Acórdão de 2º Grau

Empréstimo consignado 0802575-90.2022.8.18.0036


Ementa

EMBARGOS DE DECLARAÇÃO NA APELAÇÃO CÍVEL. PROCESSUAL CIVIL. AUSÊNCIA DE ERRO E OMISSÃO NO ACÓRDÃO RECORRIDO. PREQUESTIONAMENTO. RECURSO CONHECIDO E NÃO ACOLHIDO. 1. Sobre os embargos de declaração, o art. 1.022, caput, do CPC, prevê seu cabimento para esclarecer obscuridade ou eliminar contradição, suprir omissão ou corrigir erro material. 2. O erro material de que trata o art. 1.022 do CPC, sanável através de embargos de declaração, é aquele evidente, conhecível de plano, que prescinde da análise do mérito, ou que diz respeito a incorreções internas do próprio julgado, o que não se verifica in casu. 3. Os Embargos de Declaração não servem à rediscussão da causa. 4. A modulação dos efeitos havida no julgamento dos EAREsp 676608/RS, visa assegurar a segurança jurídica das decisões judiciais proferidas até a publicação do referido acórdão, mantendo-as, considerassem a necessidade de comprovação da má-fé ou não, o que será dispensado a partir de 30.03.2021, bastando, a partir daí, que a cobrança indevida consubstancie conduta contrária à boa-fé objetiva. 5. O acórdão embargado tratou precisamente sobre a questão embargada, não havendo omissão a ser sanada. 6. Recurso conhecido e rejeitado. (TJPI - EMBARGOS DE DECLARAÇÃO CÍVEL 0802575-90.2022.8.18.0036 - Relator: AGRIMAR RODRIGUES DE ARAUJO - 3ª Câmara Especializada Cível - Data 22/08/2024 )

Acórdão


ÓRGÃO JULGADOR : 3ª Câmara Especializada Cível

EMBARGOS DE DECLARAÇÃO CÍVEL (1689) No 0802575-90.2022.8.18.0036

EMBARGANTE: BANCO BRADESCO FINANCIAMENTOS S.A, BANCO BRADESCO S.A.

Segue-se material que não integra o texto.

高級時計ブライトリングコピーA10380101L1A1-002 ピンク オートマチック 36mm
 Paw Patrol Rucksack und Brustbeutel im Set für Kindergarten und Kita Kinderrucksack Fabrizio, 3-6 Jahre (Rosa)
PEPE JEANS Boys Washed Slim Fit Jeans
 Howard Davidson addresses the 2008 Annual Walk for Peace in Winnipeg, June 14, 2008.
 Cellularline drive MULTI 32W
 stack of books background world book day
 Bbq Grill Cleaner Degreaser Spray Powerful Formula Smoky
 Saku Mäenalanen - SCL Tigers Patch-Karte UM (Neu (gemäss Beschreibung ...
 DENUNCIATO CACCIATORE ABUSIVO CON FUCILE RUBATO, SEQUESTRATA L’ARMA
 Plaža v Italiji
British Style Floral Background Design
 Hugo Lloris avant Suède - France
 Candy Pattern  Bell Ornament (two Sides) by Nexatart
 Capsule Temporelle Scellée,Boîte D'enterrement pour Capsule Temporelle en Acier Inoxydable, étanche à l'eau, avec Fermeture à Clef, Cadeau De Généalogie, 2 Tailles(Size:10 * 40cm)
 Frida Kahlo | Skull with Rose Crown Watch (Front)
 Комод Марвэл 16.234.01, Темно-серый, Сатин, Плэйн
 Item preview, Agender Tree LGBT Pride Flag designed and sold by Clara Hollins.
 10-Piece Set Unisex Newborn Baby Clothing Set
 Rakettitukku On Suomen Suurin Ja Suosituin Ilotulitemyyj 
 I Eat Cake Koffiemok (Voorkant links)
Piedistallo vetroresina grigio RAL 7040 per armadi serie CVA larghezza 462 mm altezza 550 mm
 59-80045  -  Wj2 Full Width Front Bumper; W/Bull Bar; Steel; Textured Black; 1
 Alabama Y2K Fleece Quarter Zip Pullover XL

Advogado(s) do reclamante: LARISSA SENTO SE ROSSI

EMBARGADO: LUISA MARIA DOS SANTOS

Advogado(s) do reclamado: KAYO FRANCESCOLLY DE AZEVEDO LEONCIO

RELATOR(A): Desembargador AGRIMAR RODRIGUES DE ARAÚJO

 


EMENTA


 

EMBARGOS DE DECLARAÇÃO NA APELAÇÃO CÍVEL. PROCESSUAL CIVIL. AUSÊNCIA DE ERRO E OMISSÃO NO ACÓRDÃO RECORRIDO. PREQUESTIONAMENTO. RECURSO CONHECIDO E NÃO ACOLHIDO.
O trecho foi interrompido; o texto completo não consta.